[SOURCE INFORMATION Boundary: Start]

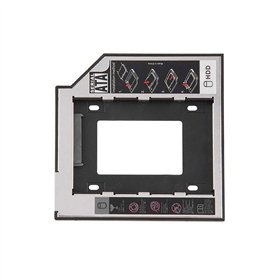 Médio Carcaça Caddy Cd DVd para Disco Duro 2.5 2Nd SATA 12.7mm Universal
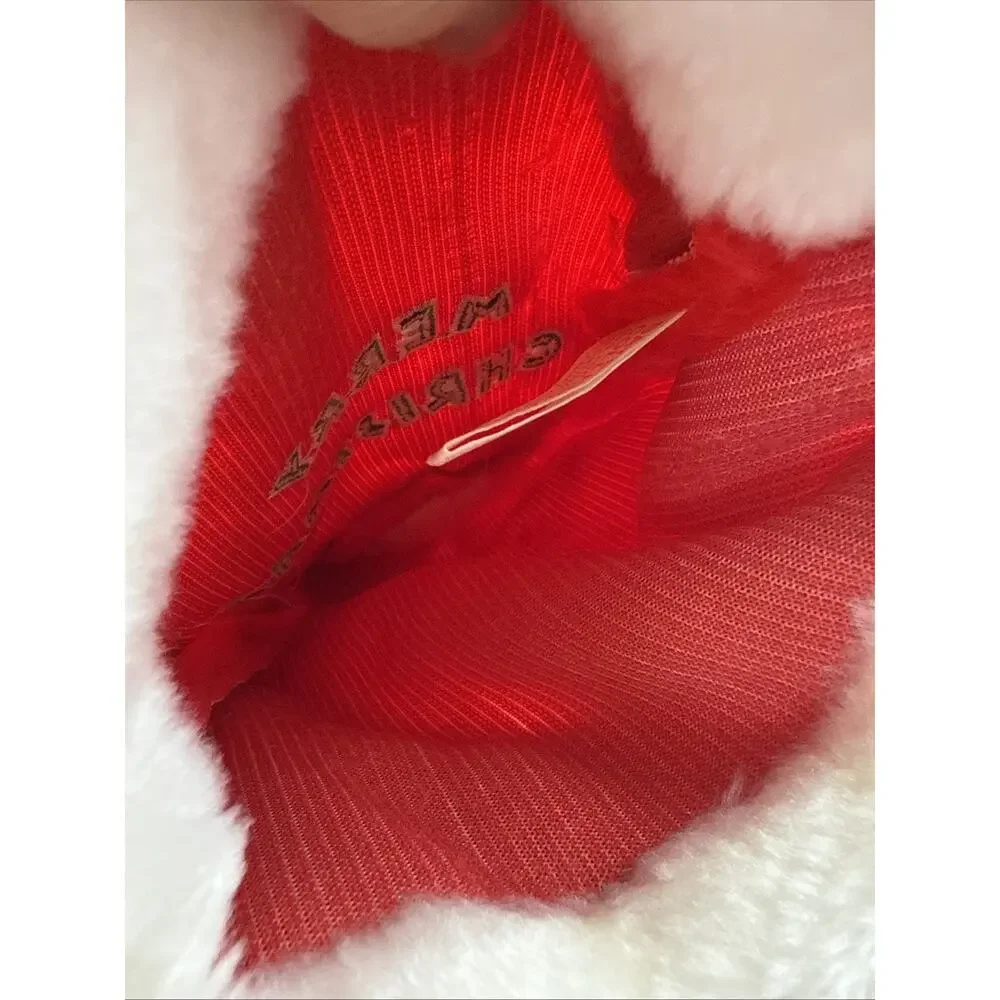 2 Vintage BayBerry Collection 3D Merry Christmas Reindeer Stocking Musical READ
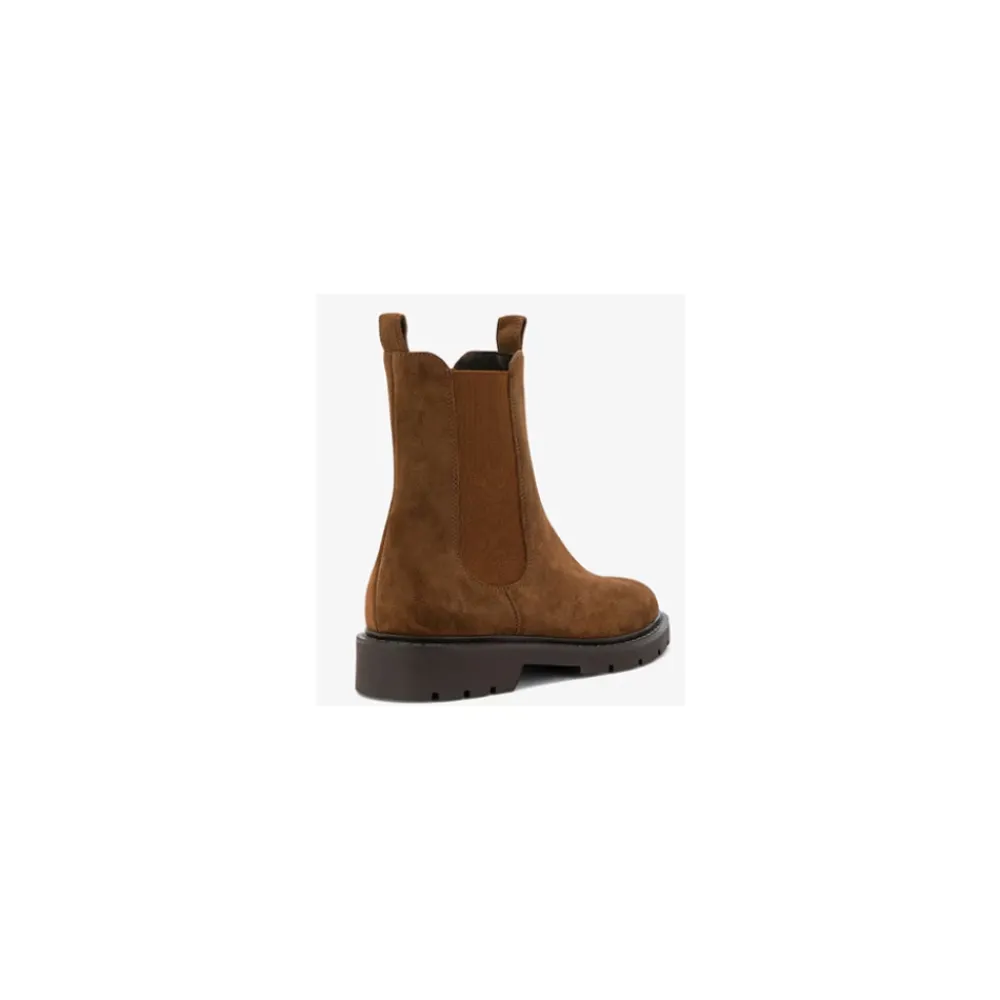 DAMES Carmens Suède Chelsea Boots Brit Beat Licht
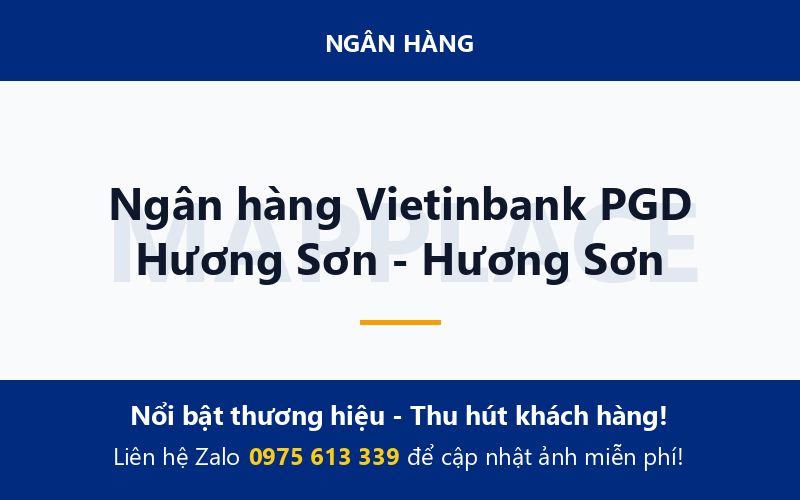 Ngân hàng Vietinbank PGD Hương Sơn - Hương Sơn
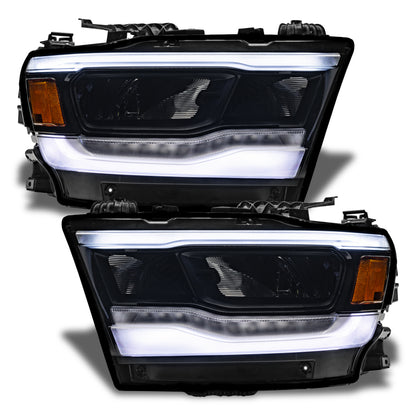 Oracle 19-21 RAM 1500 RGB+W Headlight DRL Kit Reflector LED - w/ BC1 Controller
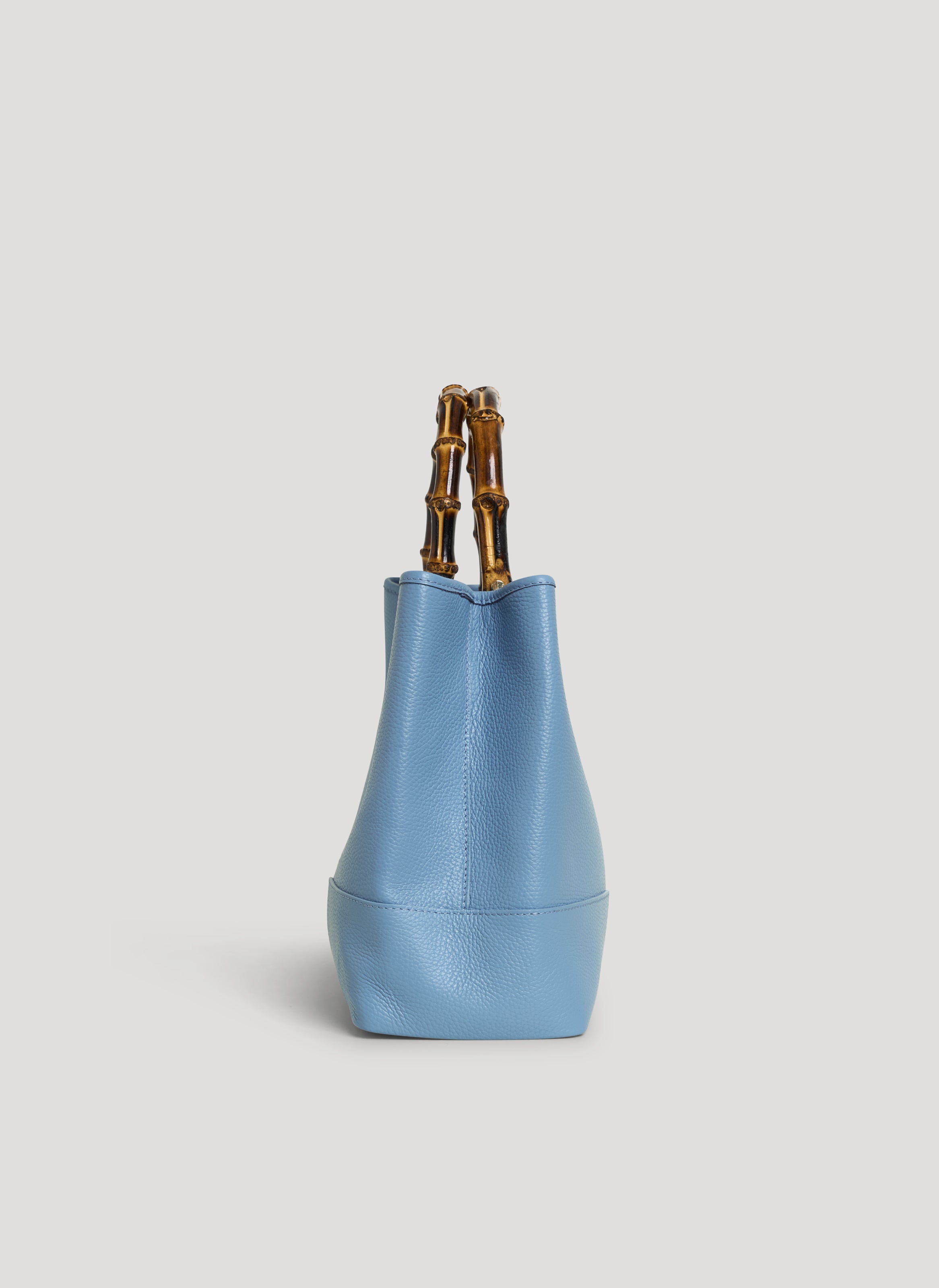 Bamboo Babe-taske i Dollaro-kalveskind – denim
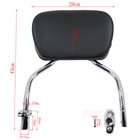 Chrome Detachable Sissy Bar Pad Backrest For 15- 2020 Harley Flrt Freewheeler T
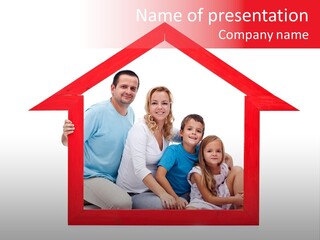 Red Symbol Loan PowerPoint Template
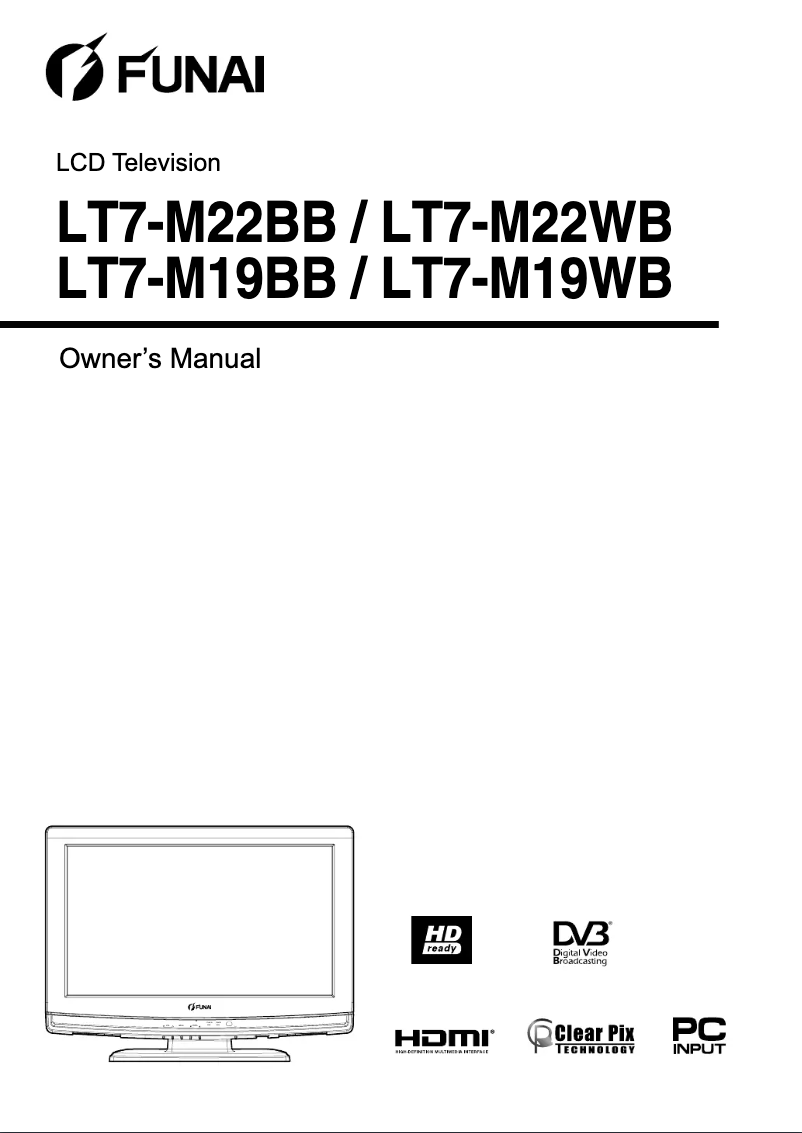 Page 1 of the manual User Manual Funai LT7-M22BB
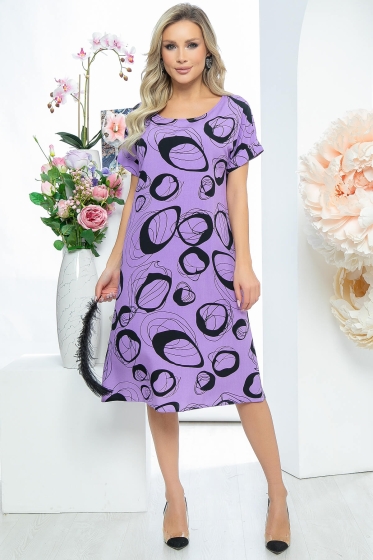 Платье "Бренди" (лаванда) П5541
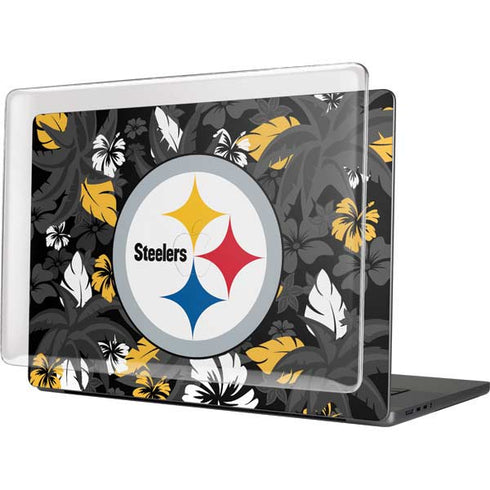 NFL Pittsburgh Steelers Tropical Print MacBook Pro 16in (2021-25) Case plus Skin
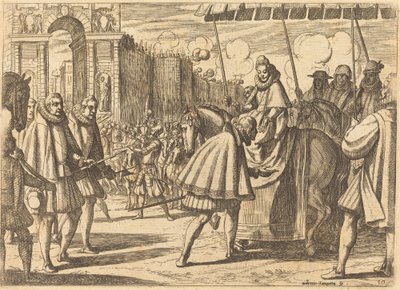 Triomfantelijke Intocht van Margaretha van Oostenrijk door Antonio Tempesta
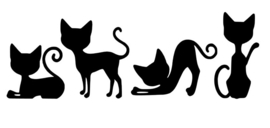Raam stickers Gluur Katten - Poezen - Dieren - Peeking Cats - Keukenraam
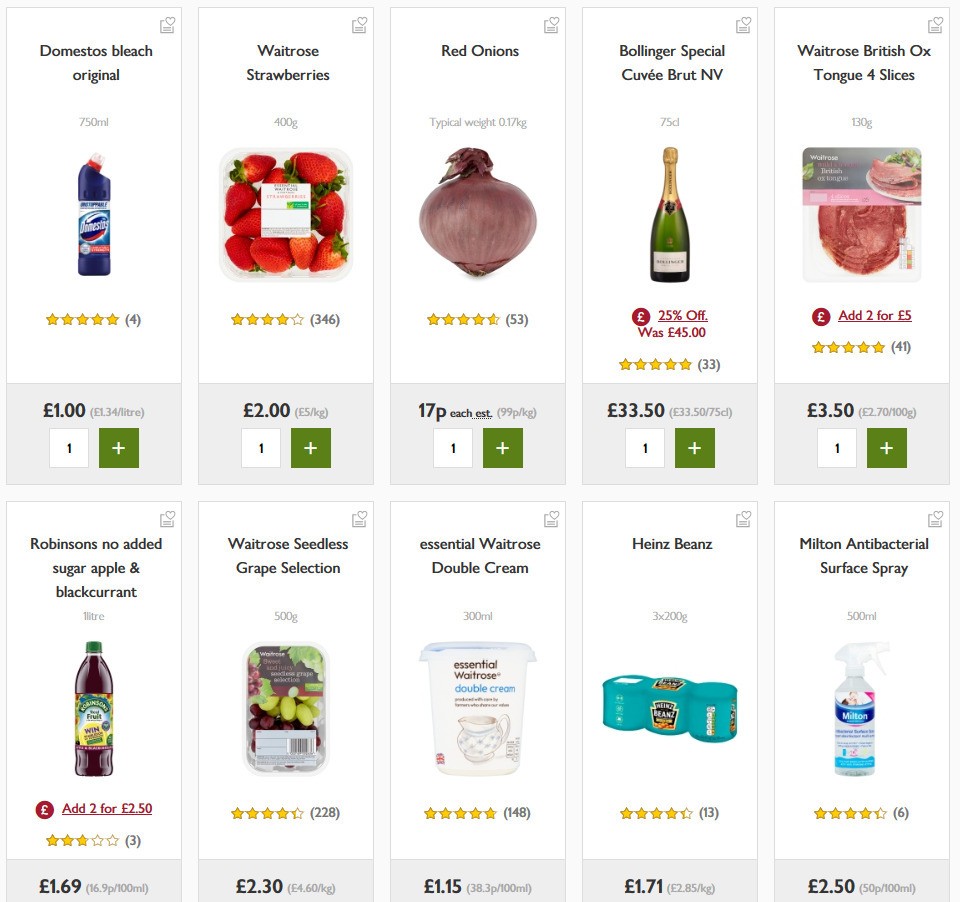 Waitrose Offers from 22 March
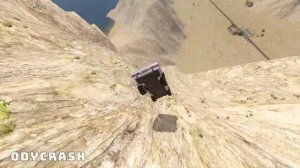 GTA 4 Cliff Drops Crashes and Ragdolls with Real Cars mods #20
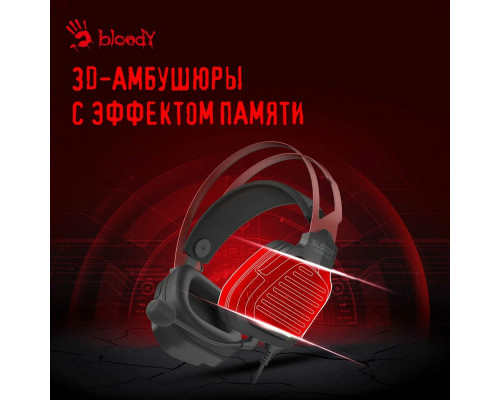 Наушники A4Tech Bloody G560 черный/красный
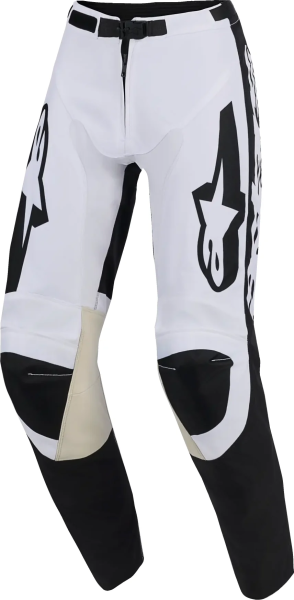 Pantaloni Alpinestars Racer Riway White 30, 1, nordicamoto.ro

[SOURCE INFORMATION Boundary: End]

**WHAT TO DO:** Everything in the material except the pictures should be output verbatim.

**YOUR SOLUTION:**
 Médio Carcaça Caddy Cd DVd para Disco Duro 2.5 2Nd SATA 12.7mm Universal
 2 Vintage BayBerry Collection 3D Merry Christmas Reindeer Stocking Musical READ
 DAMES Carmens Suède Chelsea Boots Brit Beat Licht
 Ngân hàng Vietinbank PGD Hương Sơn - Hương Sơn
 Oracle 19-21 RAM 1500 RGB+W Headlight DRL Kit Reflector LED - w/ BC1 Controller
 Bamboo Babe-taske i Dollaro-kalveskind – denim
 Chrome Detachable Sissy Bar Pad Backrest For 15- 2020 Harley Flrt Freewheeler T
 Red Symbol Loan PowerPoint Template
 Page 1 of the manual User Manual Funai LT7-M22BB
 Платье "Бренди" (лаванда) П5541
 NFL Pittsburgh Steelers Tropical Print MacBook Pro 16in (2021-25) Case plus Skin
 Triomfantelijke Intocht van Margaretha van Oostenrijk door Antonio Tempesta
Raam stickers Gluur Katten - Poezen - Dieren - Peeking Cats - Keukenraam
 Waitrose Offers from 22 March
 GTA 4 Cliff Drops Crashes and Ragdolls with Real Cars mods #20
 Наушники A4Tech Bloody G560 черный/красный
 Pantaloni Alpinestars Racer Riway White 30, 1, nordicamoto.ro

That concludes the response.